In Lisikh v. HRTO (Div Court, 2024) the Divisional Court considered, in a motion to extend time to file a JR under s.5 of the JRPA, a 'special program' which the HRTO held was exempt from the HRC [under HRC 14]:
[2] Mr. Lisikh’s application to the Tribunal was related to a summer education program provided at several Ontario school boards. Mr. Lisikh’s son was interested in the program. The program was described as providing opportunities to Canadian youth of Black and African-Canadian heritage. Mr. Lisikh’s son did not fall within this group. Mr. Lisikh alleged that the program was discriminatory because it was available to Black youth only.

....

[11] Mr. Lisikh also has not explained on this motion why he says the Tribunal’s conclusion that the summer program constitutes a “special program” under the Code was unreasonable.

[12] Subsection 14(1) of the Code provides:
14(1) A right under Part I is not infringed by the implementation of a special program designed to relieve hardship or economic disadvantage or to assist disadvantaged persons or groups to achieve or attempt to achieve equal opportunity or that is likely to contribute to the elimination of the infringement of rights under Part I.
[13] The Tribunal concluded the summer program in this case fell within s. 14. It reasoned that a program that aimed to “provide equal opportunities to persons who are disadvantaged on the basis of a Code protected ground, such as colour or race or disability, can, without in any way breaching the Code, limit its services to individuals who are identified by the prohibited ground, which in this instance is their race or colour.”

[14] In his reconsideration request, Mr. Lisikh stated that s. 14 is invoked to justify exceptions for programs that are otherwise discriminatory. He stated the Tribunal’s analysis did not clearly acknowledge the discriminatory nature of the program. He also submitted the Tribunal should not have concluded without further evidence the program fell within the requirements of s. 14.

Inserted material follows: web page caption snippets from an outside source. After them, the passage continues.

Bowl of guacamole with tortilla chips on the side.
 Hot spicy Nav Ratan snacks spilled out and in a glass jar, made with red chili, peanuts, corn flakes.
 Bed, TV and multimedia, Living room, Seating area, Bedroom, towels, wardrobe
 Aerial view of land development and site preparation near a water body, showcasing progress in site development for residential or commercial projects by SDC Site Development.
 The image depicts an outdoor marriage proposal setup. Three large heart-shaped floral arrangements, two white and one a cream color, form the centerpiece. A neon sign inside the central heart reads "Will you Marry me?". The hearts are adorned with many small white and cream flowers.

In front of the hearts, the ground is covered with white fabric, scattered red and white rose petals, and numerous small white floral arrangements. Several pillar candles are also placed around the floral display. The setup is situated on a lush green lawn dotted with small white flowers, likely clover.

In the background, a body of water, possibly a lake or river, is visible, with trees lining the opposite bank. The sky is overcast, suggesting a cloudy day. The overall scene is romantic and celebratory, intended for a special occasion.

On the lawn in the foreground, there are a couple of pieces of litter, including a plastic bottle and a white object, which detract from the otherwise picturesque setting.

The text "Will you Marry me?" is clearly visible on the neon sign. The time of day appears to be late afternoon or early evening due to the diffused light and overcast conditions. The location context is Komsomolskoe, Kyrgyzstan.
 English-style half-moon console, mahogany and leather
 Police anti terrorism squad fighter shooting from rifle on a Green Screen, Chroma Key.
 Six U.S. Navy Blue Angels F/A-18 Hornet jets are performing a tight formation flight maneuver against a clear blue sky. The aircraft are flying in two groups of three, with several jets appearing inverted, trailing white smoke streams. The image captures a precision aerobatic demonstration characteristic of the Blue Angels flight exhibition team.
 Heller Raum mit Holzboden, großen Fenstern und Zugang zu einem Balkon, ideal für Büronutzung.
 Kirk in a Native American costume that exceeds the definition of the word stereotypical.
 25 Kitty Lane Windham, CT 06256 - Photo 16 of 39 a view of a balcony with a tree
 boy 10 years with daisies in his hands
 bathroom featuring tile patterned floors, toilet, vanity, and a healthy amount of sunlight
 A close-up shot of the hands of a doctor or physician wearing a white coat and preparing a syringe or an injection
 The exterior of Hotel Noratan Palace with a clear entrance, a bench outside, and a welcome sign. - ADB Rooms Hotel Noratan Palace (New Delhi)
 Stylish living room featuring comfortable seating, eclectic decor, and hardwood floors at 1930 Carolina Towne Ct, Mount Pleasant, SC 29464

[15] The Tribunal noted there was nothing new in these submissions to justify a reconsideration. I would add that, to the extent Mr. Lisikh relies on these submissions (which were filed in his material on this motion) to say the Tribunal decisions were unreasonable, s.14 does not state a finding of discrimination is required for it to be invoked and Mr. Lisikh has not provided any authority for this proposition. I also do not see a basis to interfere with the Tribunal’s factual findings that the summer program fell within the requirements of a s. 14 program.